Saramago no se quiso acordar de su primera novela, Tierra de pecado, publicada en 1947, y sus curiosos lectores no saben qué hacer para que algún viejo amigo del Premio Nobel portugués lo desentierre de alguna biblioteca privada.
El genial andaluz Juan Ramón Jiménez, con su talante perfeccionista y monomaníaco con respecto a su Obra (así, con mayúscula, como él lo escribía), ordenaba y desordenaba continuamente sus libros. Revolvía las secciones y el orden cronológico y un día decidió arbitrariamente que sus libros publicados antes de 1923 no pasaban de ser "unos borradores silvestres".          
Con la anterior afirmación desdeñaba por lo menos veinticinco libros publicados entre 1900 y 1923, entre ellos Baladas de primavera, La soledad sonora, Platero y yo, Sonetos espirituales y Eternidades, entre otros.

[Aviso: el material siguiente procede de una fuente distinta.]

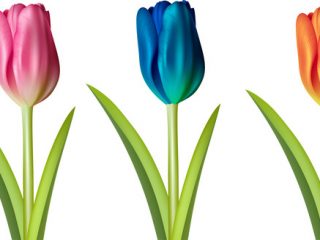 320x240 Tulip Drawings Free Tulip Flower Drawing Outline Free Vector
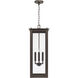 Hunt 4 Light 11 inch Oiled Bronze Outdoor Hanging Lantern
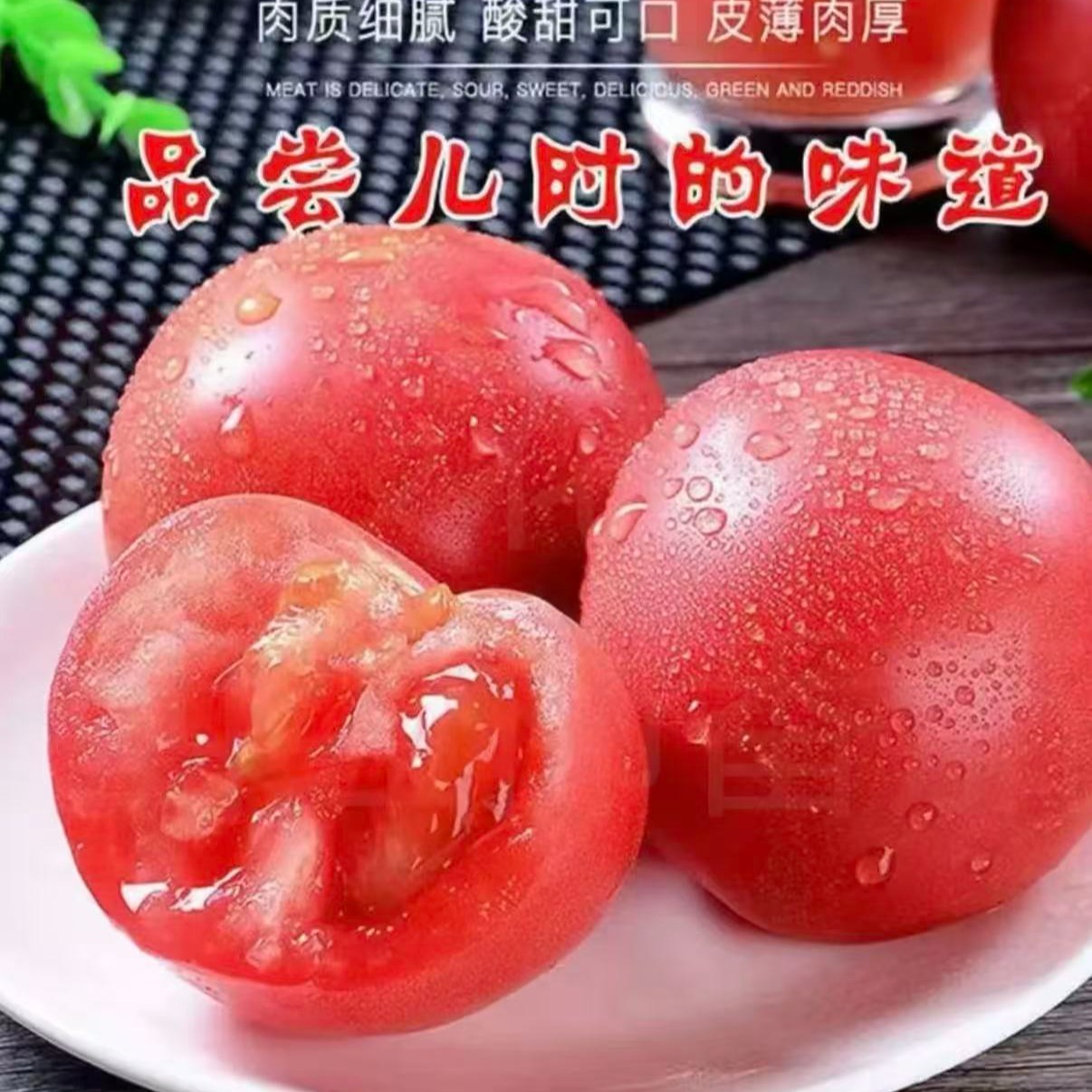 露天沙瓤西红柿应季水果蔬菜露天番茄酸甜多汁1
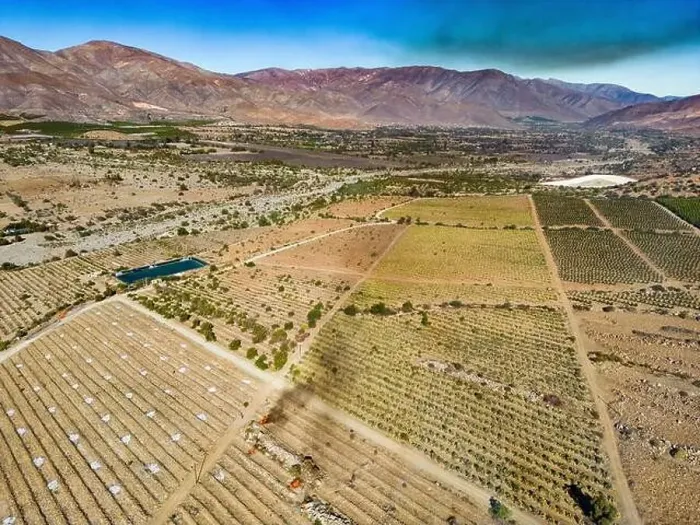 Framed Print : Aerial view of citriculture in Petorca in Chile, South America - plantation of citrus fruits Framed Print : Aerial view of citriculture in Petorca in Chile, South America - plantation of citrus fruits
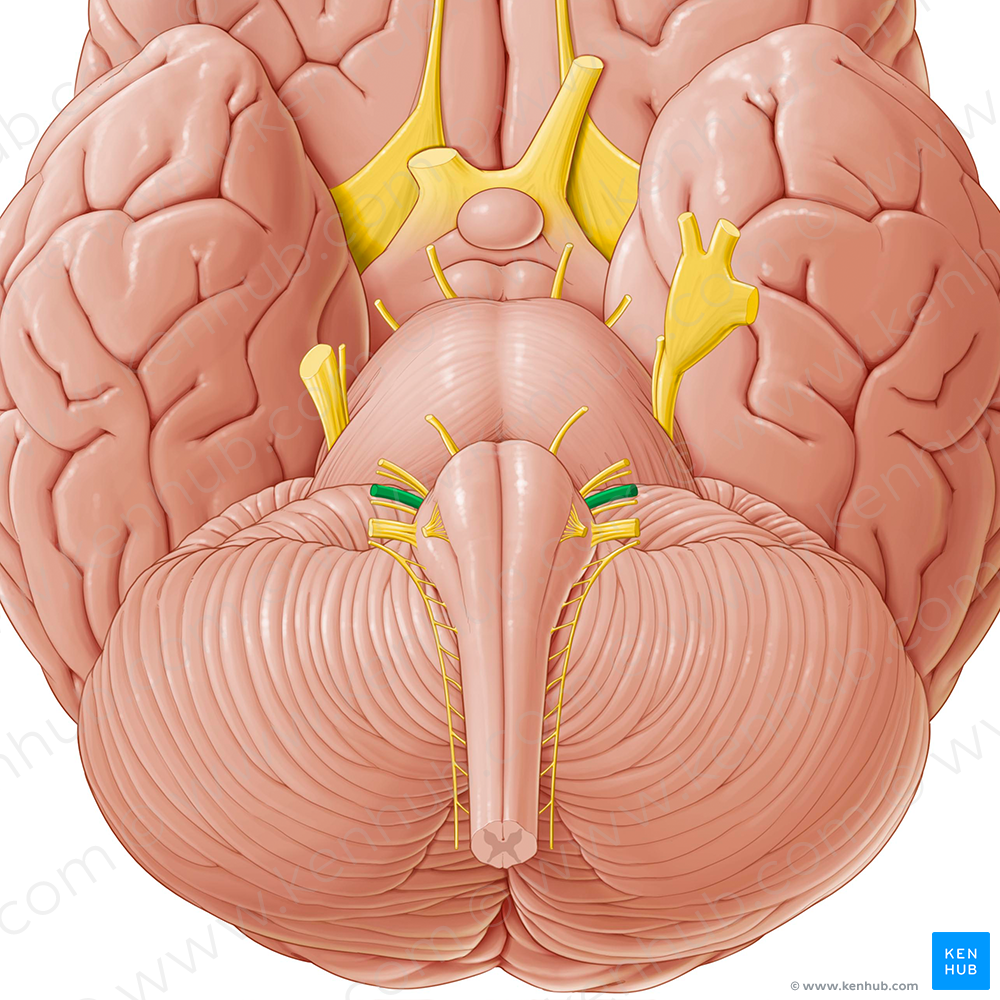 Vestibulocochlear nerve (#6908)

Sería interminable el listado de autores que por razones diversas han desdeñado uno o más libros de su autoría, pero quizás los ejemplos más extremos podrían ser: Franz Kafka, quien no contento con renegar de las pocas obras que logró ver publicadas en su corta vida, ordenó a su amigo Max Brod que a su muerte quemara la totalidad de sus manuscritos, y el poeta norteamericano Ezra Pound, quien luego de haber publicado 50 libros ---poesía, crítica y economía--- declaró poco antes de morir que su vida no había sido otra cosa que "un error".

José Luis Díaz-Granados
 (Santa Marta, Colombia, 1946). Poeta, novelista y periodista. Obras principales: El laberinto (poesía, 1968-1984); Las puertas del infierno (novela, 1985, finalista del Premio Rómulo Gallegos); Rapsodia del caminante (poesía, 1996); Cuentos y leyendas de Colombia (1999); El otro Pablo Neruda (ensayo, 2004); Los años extraviados (novela, 2006) y Fulgor de la Calle Grande (novela, 2012). Sus libros de poesía se hallan reunidos en un volumen titulado La fiesta perpetua, Obra poética 1962-2002.